• **Saved entries**:
Content starts

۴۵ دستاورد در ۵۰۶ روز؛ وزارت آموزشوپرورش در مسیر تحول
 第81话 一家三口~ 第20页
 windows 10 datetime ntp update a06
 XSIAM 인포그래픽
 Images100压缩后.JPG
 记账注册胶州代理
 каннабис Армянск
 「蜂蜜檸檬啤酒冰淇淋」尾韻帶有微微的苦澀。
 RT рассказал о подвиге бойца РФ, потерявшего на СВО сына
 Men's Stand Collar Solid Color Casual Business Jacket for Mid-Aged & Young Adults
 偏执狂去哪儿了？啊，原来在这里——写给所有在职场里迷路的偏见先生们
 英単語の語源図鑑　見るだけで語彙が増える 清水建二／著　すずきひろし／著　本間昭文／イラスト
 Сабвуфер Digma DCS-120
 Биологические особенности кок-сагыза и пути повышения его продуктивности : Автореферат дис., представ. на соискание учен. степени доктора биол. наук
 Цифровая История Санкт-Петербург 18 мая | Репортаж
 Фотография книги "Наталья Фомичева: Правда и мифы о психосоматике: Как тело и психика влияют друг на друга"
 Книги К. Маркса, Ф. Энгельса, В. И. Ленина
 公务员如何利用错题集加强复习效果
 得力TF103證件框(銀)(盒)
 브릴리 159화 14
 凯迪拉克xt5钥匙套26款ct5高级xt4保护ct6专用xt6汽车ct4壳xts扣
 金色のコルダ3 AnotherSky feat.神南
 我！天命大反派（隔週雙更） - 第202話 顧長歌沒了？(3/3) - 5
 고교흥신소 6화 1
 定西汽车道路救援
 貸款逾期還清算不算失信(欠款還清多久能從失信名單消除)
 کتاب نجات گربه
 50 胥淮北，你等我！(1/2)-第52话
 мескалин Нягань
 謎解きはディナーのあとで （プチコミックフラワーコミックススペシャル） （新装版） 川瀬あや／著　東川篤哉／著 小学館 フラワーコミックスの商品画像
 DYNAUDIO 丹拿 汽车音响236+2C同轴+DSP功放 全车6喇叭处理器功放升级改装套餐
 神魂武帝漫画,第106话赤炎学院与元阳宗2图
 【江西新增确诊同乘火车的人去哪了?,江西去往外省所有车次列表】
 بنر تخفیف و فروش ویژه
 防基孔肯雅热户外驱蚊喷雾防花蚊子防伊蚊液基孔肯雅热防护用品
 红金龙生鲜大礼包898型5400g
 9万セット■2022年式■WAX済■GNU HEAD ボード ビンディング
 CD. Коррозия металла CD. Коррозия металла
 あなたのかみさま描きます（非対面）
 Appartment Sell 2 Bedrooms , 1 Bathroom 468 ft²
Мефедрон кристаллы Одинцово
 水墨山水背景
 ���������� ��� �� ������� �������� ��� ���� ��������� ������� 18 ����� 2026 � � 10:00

Content ends

• **What is required**: From the first line to the last, please write out the entries exactly.

• **Response area**:
۴۵ دستاورد در ۵۰۶ روز؛ وزارت آموزشوپرورش در مسیر تحول
 第81话 一家三口~ 第20页
 windows 10 datetime ntp update a06
 XSIAM 인포그래픽
 Images100压缩后.JPG
 记账注册胶州代理
 каннабис Армянск
 「蜂蜜檸檬啤酒冰淇淋」尾韻帶有微微的苦澀。
 RT рассказал о подвиге бойца РФ, потерявшего на СВО сына
 Men's Stand Collar Solid Color Casual Business Jacket for Mid-Aged & Young Adults
 偏执狂去哪儿了？啊，原来在这里——写给所有在职场里迷路的偏见先生们
 英単語の語源図鑑　見るだけで語彙が増える 清水建二／著　すずきひろし／著　本間昭文／イラスト
 Сабвуфер Digma DCS-120
 Биологические особенности кок-сагыза и пути повышения его продуктивности : Автореферат дис., представ. на соискание учен. степени доктора биол. наук
 Цифровая История Санкт-Петербург 18 мая | Репортаж
 Фотография книги "Наталья Фомичева: Правда и мифы о психосоматике: Как тело и психика влияют друг на друга"
 Книги К. Маркса, Ф. Энгельса, В. И. Ленина
 公务员如何利用错题集加强复习效果
 得力TF103證件框(銀)(盒)
 브릴리 159화 14
 凯迪拉克xt5钥匙套26款ct5高级xt4保护ct6专用xt6汽车ct4壳xts扣
 金色のコルダ3 AnotherSky feat.神南
 我！天命大反派（隔週雙更） - 第202話 顧長歌沒了？(3/3) - 5
 고교흥신소 6화 1
 定西汽车道路救援
 貸款逾期還清算不算失信(欠款還清多久能從失信名單消除)
 کتاب نجات گربه
 50 胥淮北，你等我！(1/2)-第52话
 мескалин Нягань
 謎解きはディナーのあとで （プチコミックフラワーコミックススペシャル） （新装版） 川瀬あや／著　東川篤哉／著 小学館 フラワーコミックスの商品画像
 DYNAUDIO 丹拿 汽车音响236+2C同轴+DSP功放 全车6喇叭处理器功放升级改装套餐
 神魂武帝漫画,第106话赤炎学院与元阳宗2图
 【江西新增确诊同乘火车的人去哪了?,江西去往外省所有车次列表】
 بنر تخفیف و فروش ویژه
 防基孔肯雅热户外驱蚊喷雾防花蚊子防伊蚊液基孔肯雅热防护用品
 红金龙生鲜大礼包898型5400g
 9万セット■2022年式■WAX済■GNU HEAD ボード ビンディング
 CD. Коррозия металла CD. Коррозия металла
 あなたのかみさま描きます（非対面）
 Appartment Sell 2 Bedrooms , 1 Bathroom 468 ft²
Мефедрон кристаллы Одинцово
 水墨山水背景
 ���������� ��� �� ������� �������� ��� ���� ��������� ������� 18 ����� 2026 � � 10:00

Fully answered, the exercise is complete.